Who are Unionbusters?
Unionbusters are professional consultants or lawyers, who may represent a legal consortium or consulting firm. These individuals or firms advertise their ability to manipulate the labor law system and specialize in advising employers on how to thwart union organizing drives or how to decertify unions. Unionbusters usually self-identify as ‘union avoidance firms,’ ‘management consultants,’ or ‘labor consultants.’
What do Unionbusters Do?
Unionbusters offer legal services, advice and consultation, training seminars, workshops and materials for management and supervisors, and a variety of targeted anti-union propaganda for distribution to employees, including videos, posters, leaflets, flyers and giveaways. Unionbusters’ sophisticated advice, training and materials help an employer create a sense of dissension and division among employees during an organizing campaign and spread misinformation about the union before workers vote in a union representation election. Additionally, “consultants advise management on how to stall or prolong the bargaining process, almost indefinitely—bargaining to the point of boredom…”

Why Haven’t I Heard of These Firms?
Unionbusters operate under the radar intentionally. Unionbusters often provide material and instructions behind the scenes while the employer’s management and middle-management/supervisory staff carry out the actual communications with workers. In this way, the unionbuster does not deal directly with employees and, as a result, may avoid having to disclose financial reports about such activity to the U.S. Department of Labor. The unionbuster’s name or firm is not used or referenced in the anti-union materials distributed to employees, further masking the unionbuster’s involvement in orchestrating the anti-organizing campaign.

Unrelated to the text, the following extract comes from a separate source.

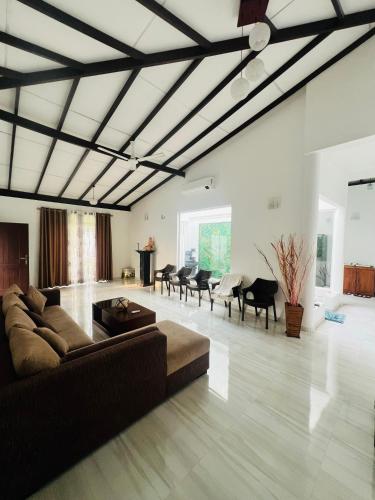 a living room with a couch and a table at White House in Ranala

More importantly, the anti-union company is rarely called on to divulge that it hired a unionbuster or reveal the specifics of such expenditures. Therefore, without a paper trail, unionbusters are hard to detect, underreported, and not in the public eye.

Who Uses Unionbusting Firms?
75 percent of employers facing a union organizing drive hire anti-union consultants.

How Successful are Unionbusters?
It is no coincidence that as the unionbusting industry has grown, the rate of union membership has declined. A unionbuster recently profiled in FORTUNE magazine had ‘won’ 32 of 35 organizing drives in 2003 for his clients. Unionbusters even go so far as advertising their rates of success. One firm, Labor Relations Institute, now boasts a money-back guarantee on its website: “If your organization purchases an LRI Guaranteed Winner Package and the union becomes certified, the Labor Relations Institute will refund the full cost of the package.”

Seven Sophisticated Unionbuster Techniques:
Read below for descriptions of common tactics and materials designed by anti-union consultants to get rid of unions.

• Supervisors as Frontline Soldiers: Supervisors, who themselves have no legally protected right to be represented by a union, are manipulated into delivering anti-union letters, speeches, and informal chats prepared by unionbusters, essentially doing the dirty work of the unionbusters and management.

One-on-One Meetings: During organizing drives, 78 percent of workers are forced to attend closed-door or isolated meetings with supervisors. These aren’t friendly impromptu chats, but well-planned meetings to decipher employees’ feelings about the union and persuade them against the union.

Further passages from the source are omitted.